It infuriates me to see how my sister treats her husband. He is an amazingly loving man who respects her and cares for her but all she does is complain about him and treat him like a servant. You may think I’m exaggerating but I’m not; and I’m not the only one who feels this way. I have the opportunity to pick him (my brother-in-law) up from the airport in a couple of days and during the drive I want to give him some advice on how to handle my sister. I want to tell him not to put up with her behavior but to stand up for himself. I think if he hears this advice from someone who obviously loves my sister he’ll know I’m not attacking her but rather just trying to help the two of them have a better marriage. What do you think of this plan?

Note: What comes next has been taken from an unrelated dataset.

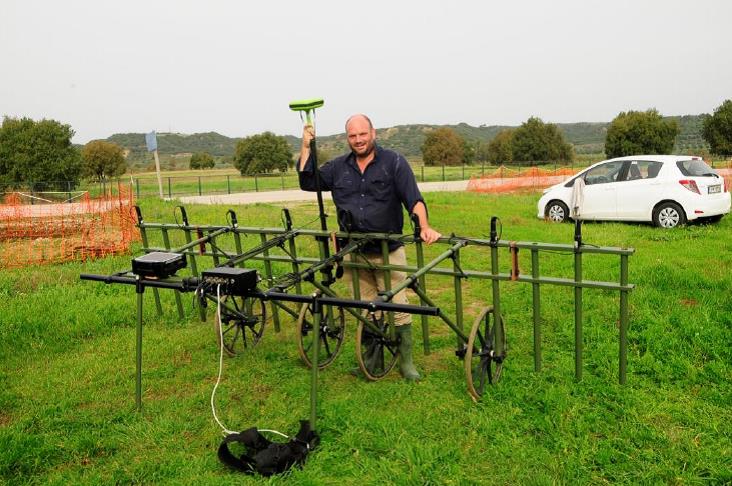 A man with farming equipment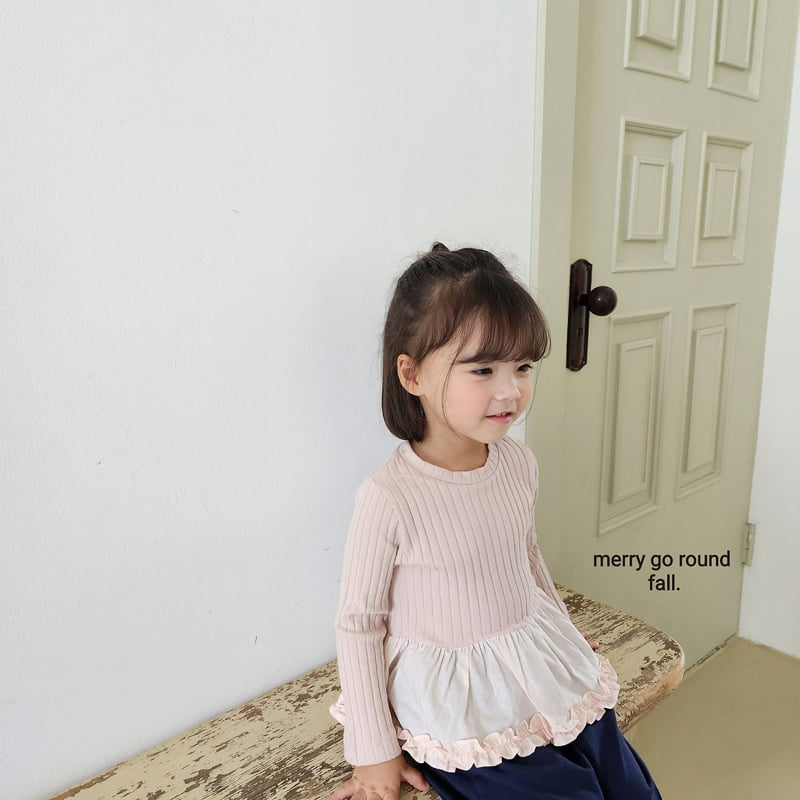 Merry Go Round - Korean Children Fashion - #childofig - Mimi Ruffle Tee - 7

This sounds like a very bad plan. I can almost guarantee that your sister is going to get mad at you — and secretly talking to her husband about her is inappropriate. That may sound harsh but it’s true.

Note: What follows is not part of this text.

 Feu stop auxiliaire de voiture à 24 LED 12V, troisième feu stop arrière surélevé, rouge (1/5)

If you feel like you absolutely need to give your opinion on someone else’s marriage (maybe there is a concern about physical or emotional abuse), then talk directly to your sister. Tell her how her actions (that you have witnessed) are coming across from an outside perspective, but avoid telling her what she should or should not do. Things may seem like they’re a certain way but maybe when the two of them are together things are different and better. Plus, as crazy as it may sound, how things are may work for them. You never know.
In short, don’t interject yourself into someone else’s personal marital issues. It’s not your place, even if you’re intentions are good and even if they are family.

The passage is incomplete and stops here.